2.  Term and Termination.

  1. Term. These Terms and Conditions shall become effective as of the Effective Date and continue until the earlier of (i) the obligations of both Parties set forth in the IO have been satisfied in full; or (b) the IO has been terminated as set forth herein.
  2. Termination of an IO. Either Party may terminate an Insertion Order for cause, provided that the non-breaching Party sends written notice of material breach and termination to the other Party and such Party does not cure the breach within ten (10) business days (“Order Cure Period”) following receipt of the termination notice. If the Party fails to cure the material breach within the Order Cure Period, unless otherwise mutually agreed, the non-breaching Party will have no further obligations with respect to the Insertion Order.

3.  Insertion Orders.

  1. Each IO executed by the Parties: (i) creates an agreement between the Parties in relation to the Campaign(s) described in the applicable IO; and (ii) incorporates these Terms and Conditions. Any revisions to an IO or these Terms and Conditions must be in writing and mutually accepted.
  2. Company agrees that Nareit’s performance of the IO is done so on an “as is” and “as available basis.
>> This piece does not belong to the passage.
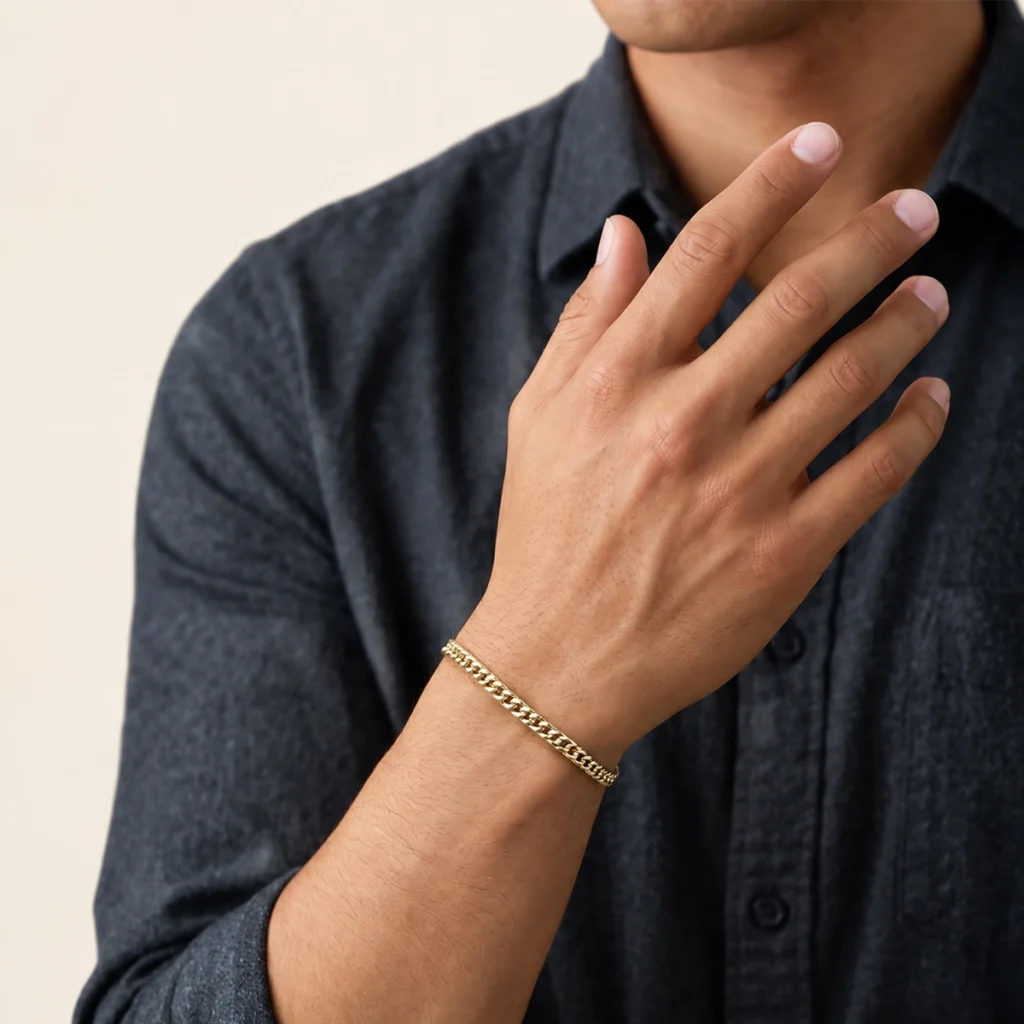 Pulseira romana quadrada em ouro 18k no pulso, em foto com modelo (outro ângulo)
Nareit makes no representations, warranties, or promises of any kind that its performance will be timely, uninterrupted, error free, or be done without loss or corruption or technical malfunction.

4.  License of Intellectual Property.

  1. Company, on behalf of itself, or the Advertiser if separate, grants to Nareit a limited, non-exclusive, non-transferable, royalty-free, limited, revocable license to use Advertiser’s intellectual property, including Advertiser’s name, marks, logos, trade names, and service marks provided to Nareit, including through the Ad, as well as any other Ad materials provided to promote, advertise, or otherwise carry out the Campaign in accordance with these Terms and Conditions and the applicable IO (collectively, “Marks’). Any other use of the Marks by Nareit shall be subject to the Company’s prior written approval (email to suffice), which approval shall not be unreasonably withheld or delayed.
  2. Company, or Advertiser if separate, is the sole owner of all right, title, and interest to the Marks and nothing in these Terms and Conditions convey any ownership, title, interest, or any other right in the Marks. Company on behalf of itself or the Advertiser represents and warrants that: (i) the rights granted herein have not been previously disposed of, nor previously granted adverse thereto or inconsistent therewith; (ii) that there are no rights outstanding which would diminish, encumber or impair the full enjoyment or exercise of the rights herein granted to Nareit; and (iii) that the Marks do not and will not violate or infringe upon any patent, copyright, literary, privacy, publicity, trademark, service mark, or any other personal or property right of any third party.
  3. Company shall not use, display, or modify Nareit’s name, marks, logs, trade names, trademarks, or service marks in any manner absent Nareit’s express prior written approval.

5.  Ad and Ad Materials.

  1. Materials Submission. As and to the extent applicable, Company will submit Ad Materials to Nareit for a given Campaign consistent with Nareit’s Policies. Company will use industry standard tools and procedures to ensure that any Ad Materials transmitted to Nareit are free from viruses or other malware. Nareit will, as necessary, supply or otherwise make electronically accessible to Company final technical specifications for Ad Materials within a reasonable period after execution of an IO.
  2. Late Materials. If Ad Materials are not received by Nareit in reasonable advance of the Campaign Period, consistent with Nareit’s policies, Nareit may charge the Company starting on the first date of the Campaign Period on a pro rata basis based on the full IO, for each full day the Ad Materials are not received. If Ad Materials are late based on failure to comply with Nareit’s Policies, Nareit is not required to guarantee full delivery of the IO and Company shall not be entitled to a refund of any amounts owed under the IO.
  3. Modifications. Nareit shall have the right to make any and all non-material modifications to the Ad or other Ad Materials in connection with its performance of the IO, such as resizing the Ad.
  4. Compliance. Nareit reserves the right within its discretion to reject or remove any Ad, for any reason, including that it: (i) does not comply with its Policies; (ii) does not comply with applicable laws, rules, regulations, third party requirements (e.g., Social Media platform guidelines), or other judicial or administrative orders; or (iii) may bring, disparagement, ridicule, scorn, or otherwise negatively impact Nareit’s brand, products, or services.
  5. Responsibility. Company, or Advertiser if separate, is fully and solely responsible for the Ad and Ad Materials. Nareit makes no representations, warranties, or promises of any kind with respect to the Ad or Ad Materials, including that they: (i) will meet Company’s requirements or expectations; (b) be free from errors, mistakes, inaccuracies, or other defects; or (iii) be secure once transmitted to Nareit. Nareit will not be liable for any damages arising out of or relating to the Ad or Ad Materials.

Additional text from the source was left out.